**WORK INSTRUCTIONS:** All of the data below should be printed again word for word, pictures excluded.

Collected data
::::::::::

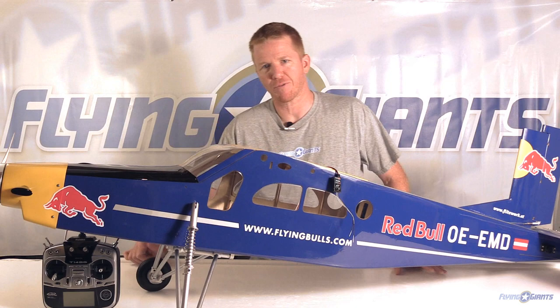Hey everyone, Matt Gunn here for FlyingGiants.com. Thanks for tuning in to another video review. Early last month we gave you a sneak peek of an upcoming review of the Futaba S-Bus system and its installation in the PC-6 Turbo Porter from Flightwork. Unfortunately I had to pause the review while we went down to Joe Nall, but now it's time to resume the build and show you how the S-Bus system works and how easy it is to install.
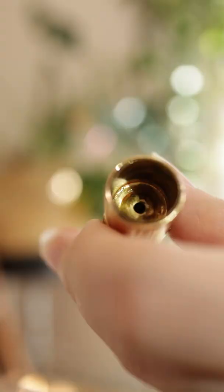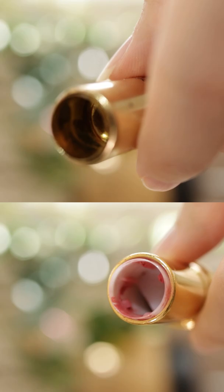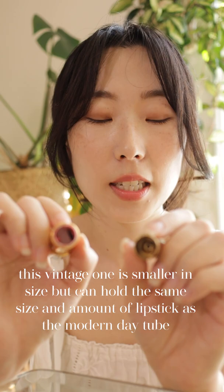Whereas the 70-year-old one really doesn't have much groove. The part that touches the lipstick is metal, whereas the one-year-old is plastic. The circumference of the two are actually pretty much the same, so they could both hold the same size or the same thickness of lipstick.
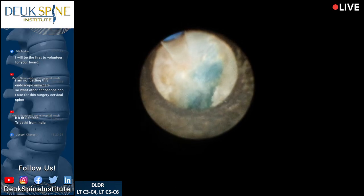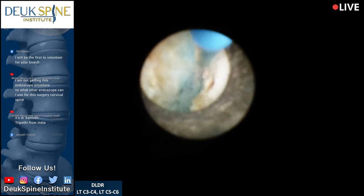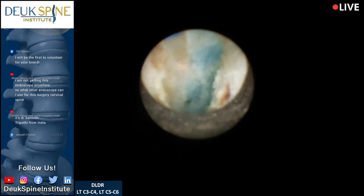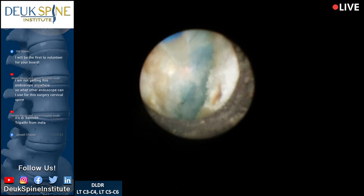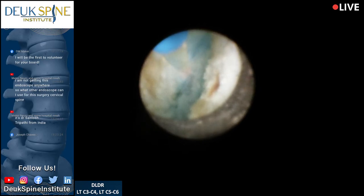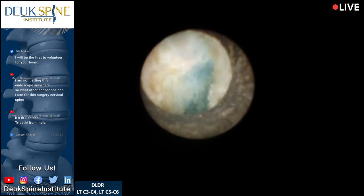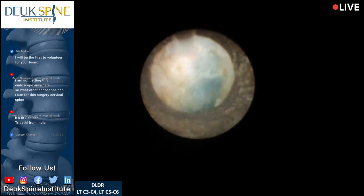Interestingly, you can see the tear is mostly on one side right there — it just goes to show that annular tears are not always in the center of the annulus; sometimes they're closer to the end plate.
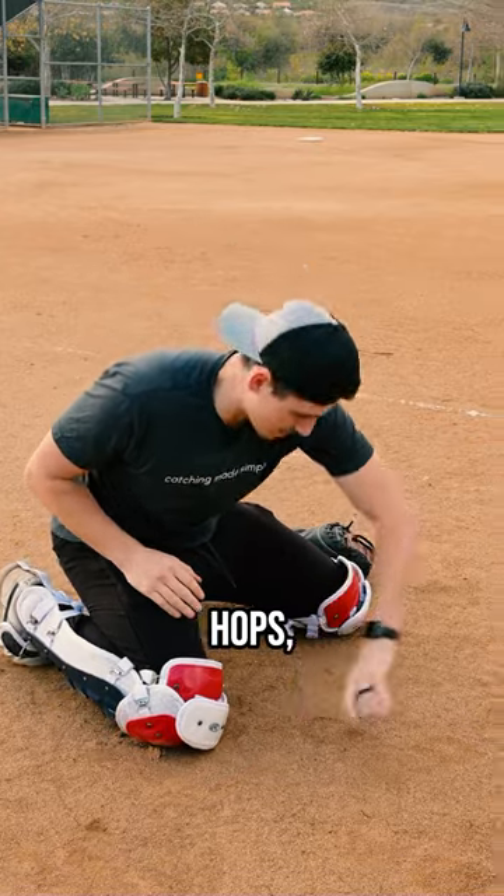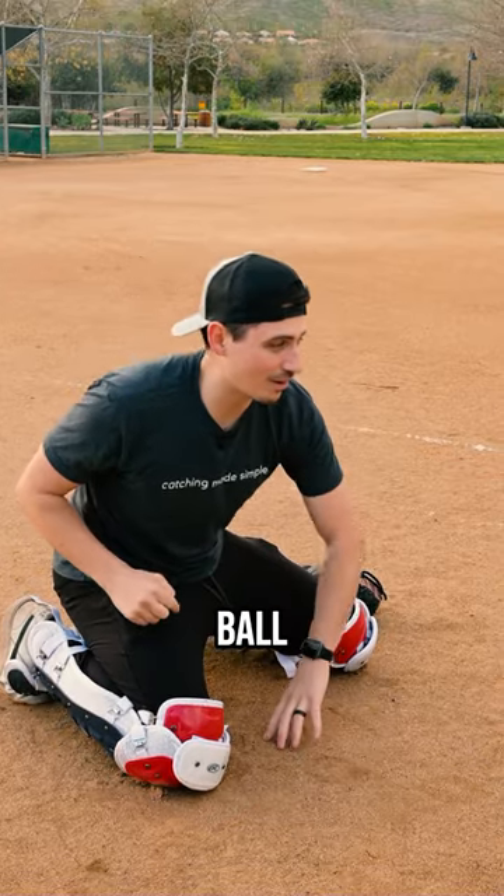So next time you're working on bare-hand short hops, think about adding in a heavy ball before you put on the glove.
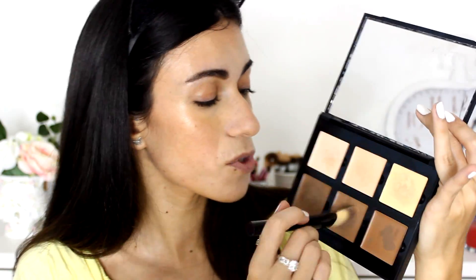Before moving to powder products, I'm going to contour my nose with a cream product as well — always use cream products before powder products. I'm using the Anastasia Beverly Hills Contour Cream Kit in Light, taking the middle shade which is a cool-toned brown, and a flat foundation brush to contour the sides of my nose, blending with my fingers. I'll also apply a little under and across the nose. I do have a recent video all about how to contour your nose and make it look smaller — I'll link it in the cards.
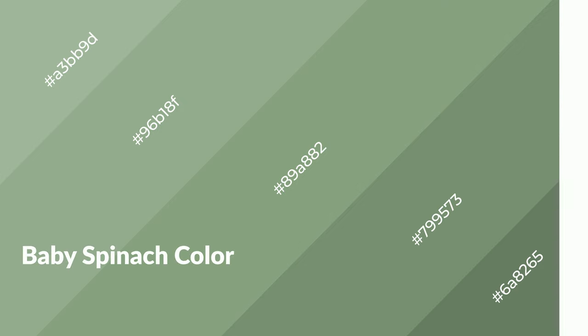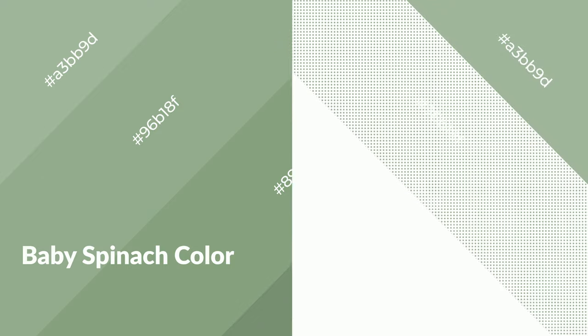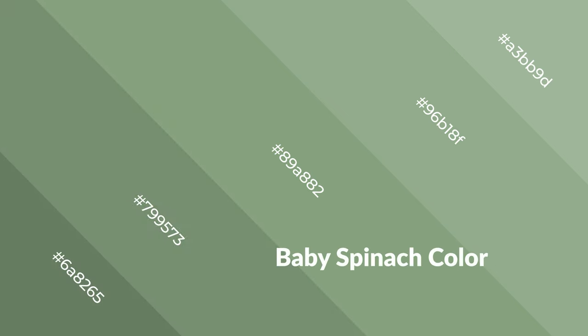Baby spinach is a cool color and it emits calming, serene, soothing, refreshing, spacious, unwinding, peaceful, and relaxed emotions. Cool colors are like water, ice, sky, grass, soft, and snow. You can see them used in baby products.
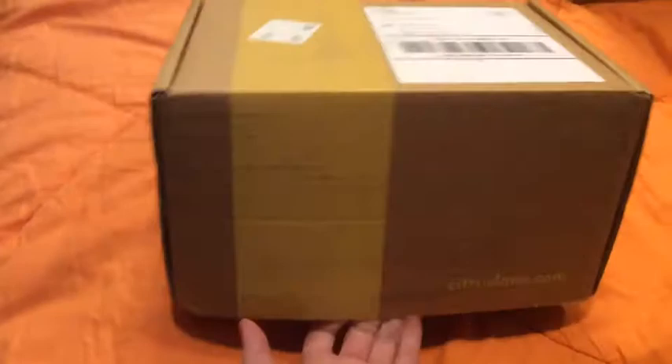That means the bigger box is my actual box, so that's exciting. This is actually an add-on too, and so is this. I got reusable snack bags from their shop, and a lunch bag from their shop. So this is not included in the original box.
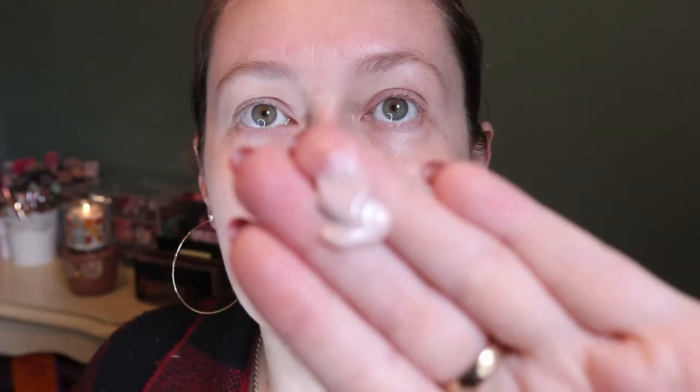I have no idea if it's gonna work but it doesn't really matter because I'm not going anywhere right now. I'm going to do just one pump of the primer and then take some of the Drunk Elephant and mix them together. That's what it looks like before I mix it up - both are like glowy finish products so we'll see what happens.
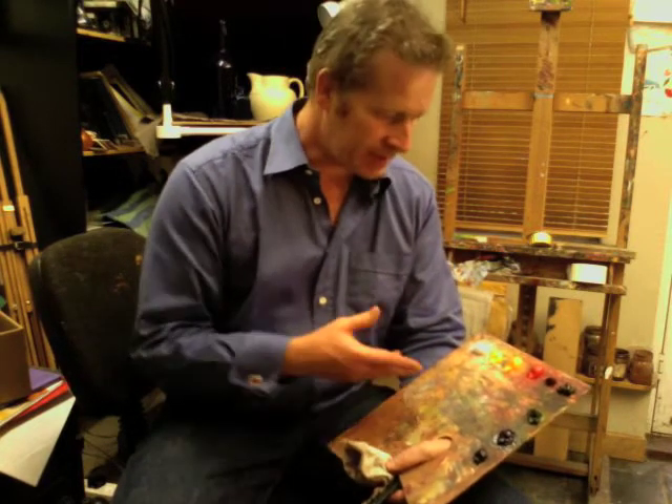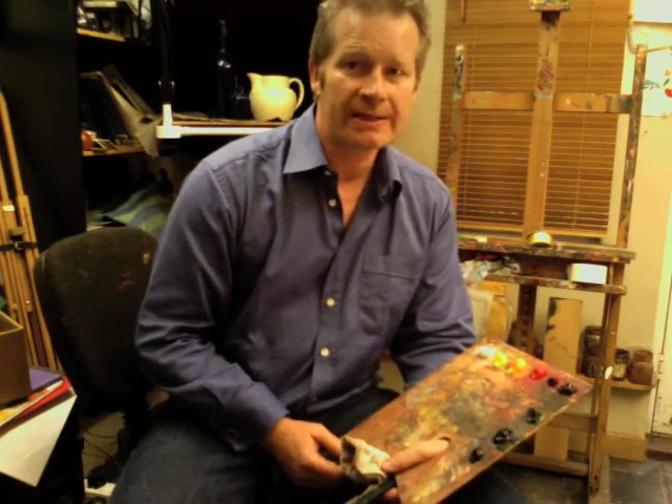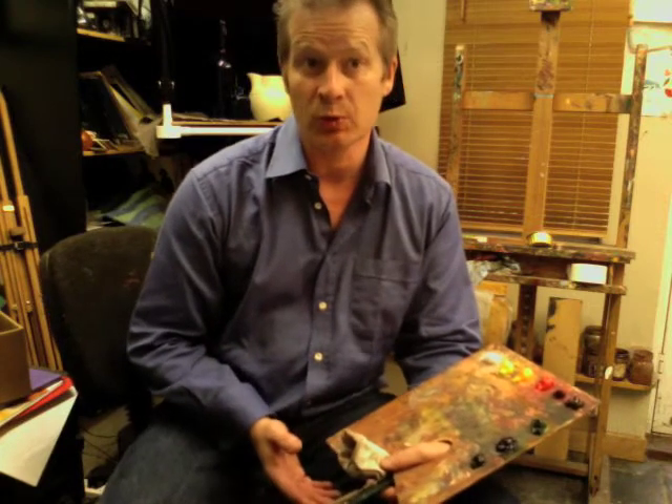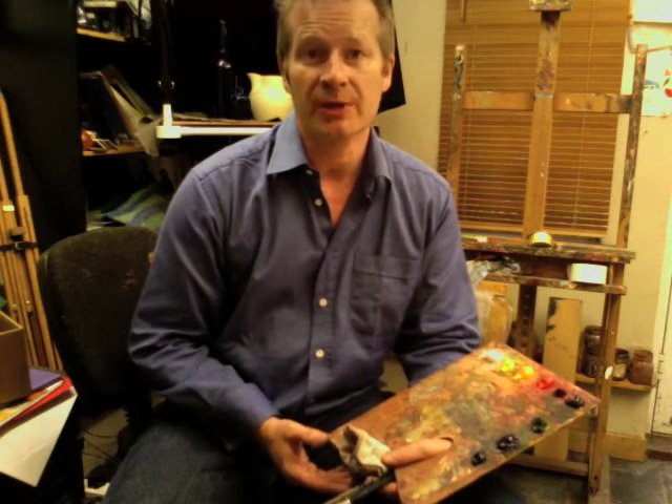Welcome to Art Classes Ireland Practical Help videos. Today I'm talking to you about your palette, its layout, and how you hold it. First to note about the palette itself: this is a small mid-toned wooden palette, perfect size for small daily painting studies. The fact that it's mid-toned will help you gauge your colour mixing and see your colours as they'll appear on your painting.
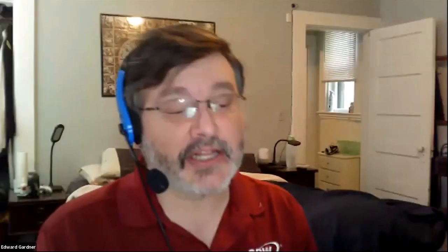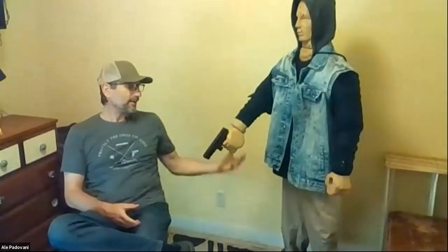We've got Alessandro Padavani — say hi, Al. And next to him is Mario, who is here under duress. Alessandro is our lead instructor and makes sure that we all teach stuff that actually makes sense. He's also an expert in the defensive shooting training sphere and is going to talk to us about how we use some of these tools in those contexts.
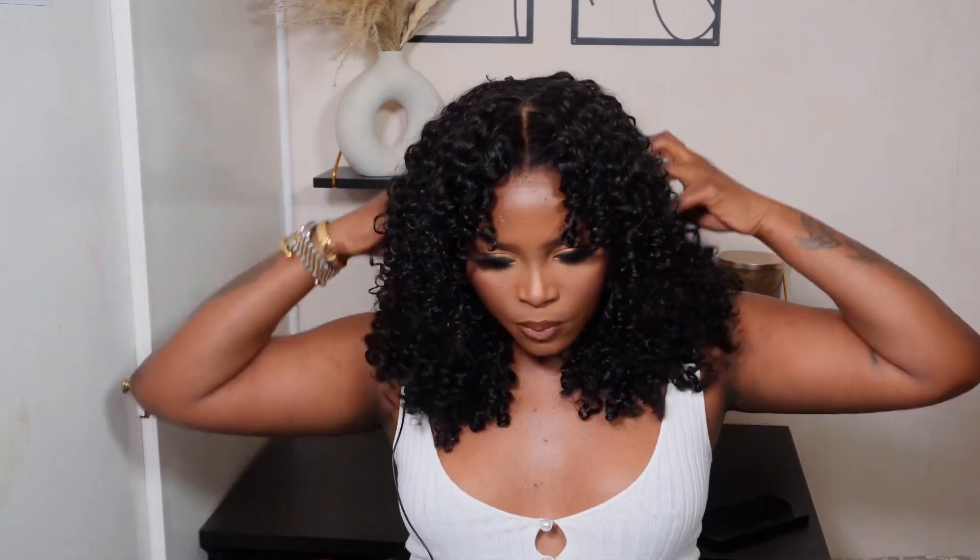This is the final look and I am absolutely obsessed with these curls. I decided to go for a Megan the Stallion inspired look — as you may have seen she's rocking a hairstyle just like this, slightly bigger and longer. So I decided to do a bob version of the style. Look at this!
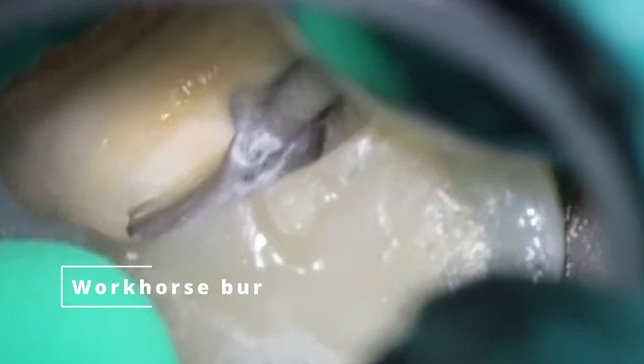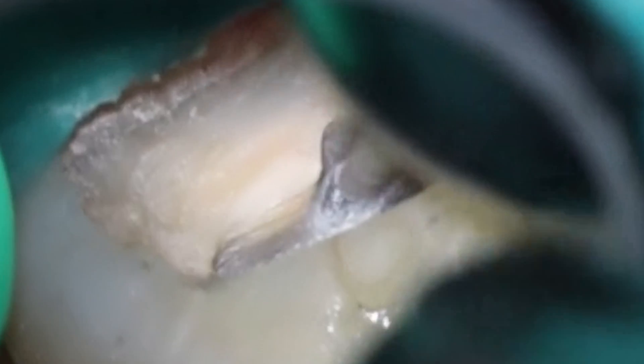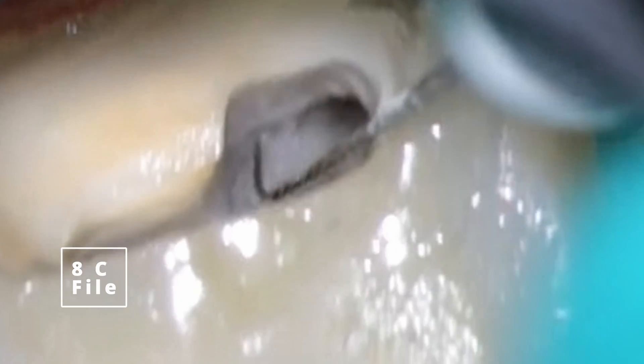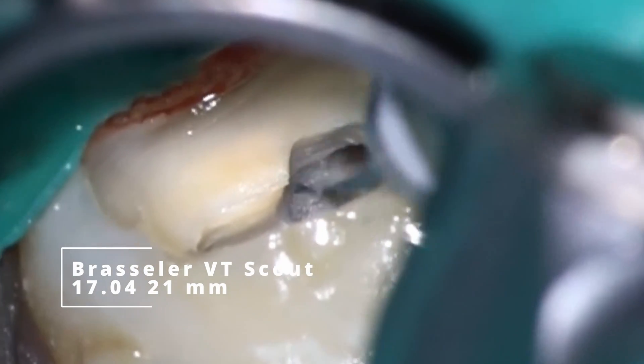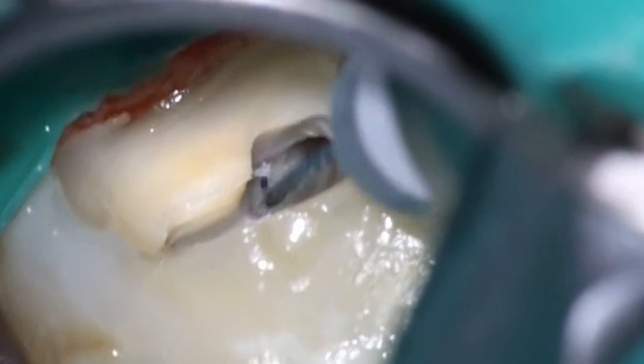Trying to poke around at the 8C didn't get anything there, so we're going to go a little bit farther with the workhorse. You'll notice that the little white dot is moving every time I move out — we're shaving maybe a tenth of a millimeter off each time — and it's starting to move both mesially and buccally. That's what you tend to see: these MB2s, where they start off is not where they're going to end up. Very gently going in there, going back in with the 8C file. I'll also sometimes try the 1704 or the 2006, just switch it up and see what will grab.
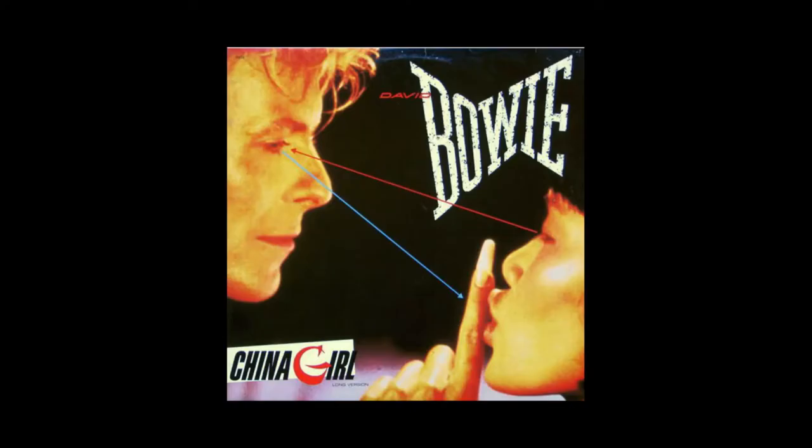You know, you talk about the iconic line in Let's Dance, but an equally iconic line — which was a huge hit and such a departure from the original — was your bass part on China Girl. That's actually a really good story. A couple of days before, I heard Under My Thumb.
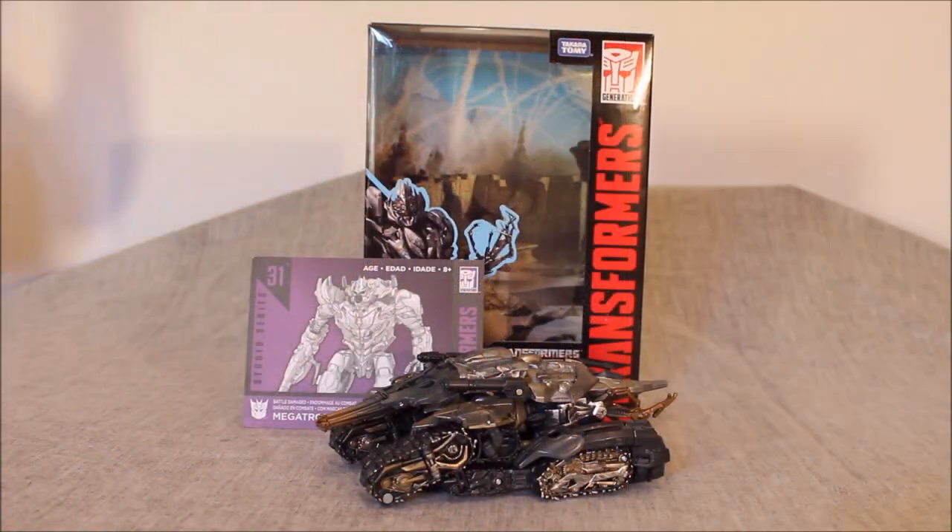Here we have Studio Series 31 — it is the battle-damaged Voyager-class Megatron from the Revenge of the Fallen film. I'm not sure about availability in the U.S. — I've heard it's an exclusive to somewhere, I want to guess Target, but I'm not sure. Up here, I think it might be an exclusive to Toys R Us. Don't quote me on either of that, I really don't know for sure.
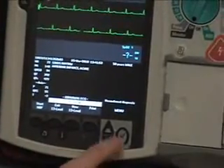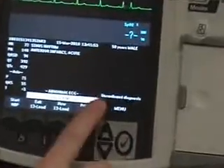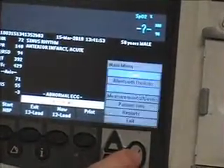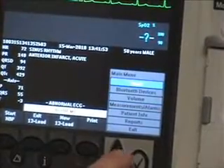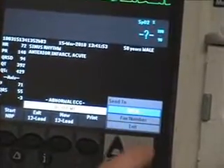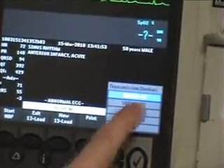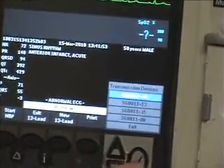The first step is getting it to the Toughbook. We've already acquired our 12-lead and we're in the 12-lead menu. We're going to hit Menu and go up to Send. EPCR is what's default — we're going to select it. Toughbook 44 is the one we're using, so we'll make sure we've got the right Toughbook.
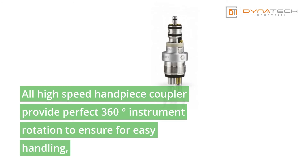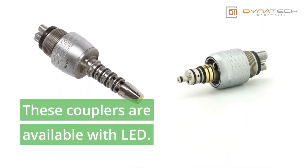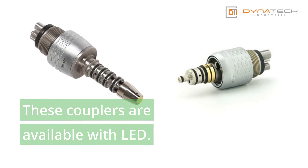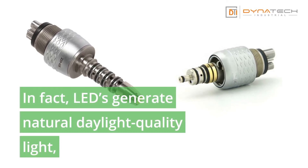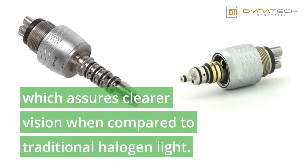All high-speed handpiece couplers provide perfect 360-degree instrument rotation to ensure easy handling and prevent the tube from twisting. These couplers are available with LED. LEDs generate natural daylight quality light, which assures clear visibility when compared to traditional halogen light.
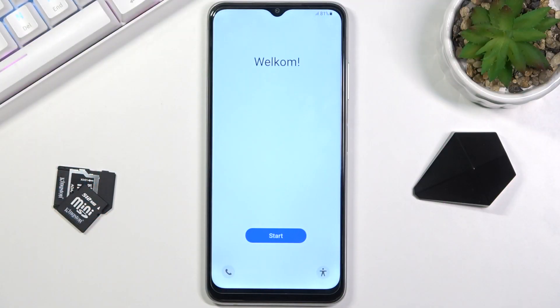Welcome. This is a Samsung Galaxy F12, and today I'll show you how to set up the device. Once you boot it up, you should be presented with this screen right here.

::::::::::

**EXERCISE RESULT:**
Hey everyone, Matt Gunn here for FlyingGiants.com. Thanks for tuning in to another video review. Early last month we gave you a sneak peek of an upcoming review of the Futaba S-Bus system and its installation in the PC-6 Turbo Porter from Flightwork. Unfortunately I had to pause the review while we went down to Joe Nall, but now it's time to resume the build and show you how the S-Bus system works and how easy it is to install.
Whereas the 70-year-old one really doesn't have much groove. The part that touches the lipstick is metal, whereas the one-year-old is plastic. The circumference of the two are actually pretty much the same, so they could both hold the same size or the same thickness of lipstick.
Interestingly, you can see the tear is mostly on one side right there — it just goes to show that annular tears are not always in the center of the annulus; sometimes they're closer to the end plate.
So next time you're working on bare-hand short hops, think about adding in a heavy ball before you put on the glove.
Before moving to powder products, I'm going to contour my nose with a cream product as well — always use cream products before powder products. I'm using the Anastasia Beverly Hills Contour Cream Kit in Light, taking the middle shade which is a cool-toned brown, and a flat foundation brush to contour the sides of my nose, blending with my fingers. I'll also apply a little under and across the nose. I do have a recent video all about how to contour your nose and make it look smaller — I'll link it in the cards.
Baby spinach is a cool color and it emits calming, serene, soothing, refreshing, spacious, unwinding, peaceful, and relaxed emotions. Cool colors are like water, ice, sky, grass, soft, and snow. You can see them used in baby products.
That means the bigger box is my actual box, so that's exciting. This is actually an add-on too, and so is this. I got reusable snack bags from their shop, and a lunch bag from their shop. So this is not included in the original box.
I have no idea if it's gonna work but it doesn't really matter because I'm not going anywhere right now. I'm going to do just one pump of the primer and then take some of the Drunk Elephant and mix them together. That's what it looks like before I mix it up - both are like glowy finish products so we'll see what happens.
Welcome to Art Classes Ireland Practical Help videos. Today I'm talking to you about your palette, its layout, and how you hold it. First to note about the palette itself: this is a small mid-toned wooden palette, perfect size for small daily painting studies. The fact that it's mid-toned will help you gauge your colour mixing and see your colours as they'll appear on your painting.
We've got Alessandro Padavani — say hi, Al. And next to him is Mario, who is here under duress. Alessandro is our lead instructor and makes sure that we all teach stuff that actually makes sense. He's also an expert in the defensive shooting training sphere and is going to talk to us about how we use some of these tools in those contexts.
This is the final look and I am absolutely obsessed with these curls. I decided to go for a Megan the Stallion inspired look — as you may have seen she's rocking a hairstyle just like this, slightly bigger and longer. So I decided to do a bob version of the style. Look at this!
Trying to poke around at the 8C didn't get anything there, so we're going to go a little bit farther with the workhorse. You'll notice that the little white dot is moving every time I move out — we're shaving maybe a tenth of a millimeter off each time — and it's starting to move both mesially and buccally. That's what you tend to see: these MB2s, where they start off is not where they're going to end up. Very gently going in there, going back in with the 8C file. I'll also sometimes try the 1704 or the 2006, just switch it up and see what will grab.
You know, you talk about the iconic line in Let's Dance, but an equally iconic line — which was a huge hit and such a departure from the original — was your bass part on China Girl. That's actually a really good story. A couple of days before, I heard Under My Thumb.
Here we have Studio Series 31 — it is the battle-damaged Voyager-class Megatron from the Revenge of the Fallen film. I'm not sure about availability in the U.S. — I've heard it's an exclusive to somewhere, I want to guess Target, but I'm not sure. Up here, I think it might be an exclusive to Toys R Us. Don't quote me on either of that, I really don't know for sure.
The first step is getting it to the Toughbook. We've already acquired our 12-lead and we're in the 12-lead menu. We're going to hit Menu and go up to Send. EPCR is what's default — we're going to select it. Toughbook 44 is the one we're using, so we'll make sure we've got the right Toughbook.
All high-speed handpiece couplers provide perfect 360-degree instrument rotation to ensure easy handling and prevent the tube from twisting. These couplers are available with LED. LEDs generate natural daylight quality light, which assures clear visibility when compared to traditional halogen light.
Welcome. This is a Samsung Galaxy F12, and today I'll show you how to set up the device. Once you boot it up, you should be presented with this screen right here.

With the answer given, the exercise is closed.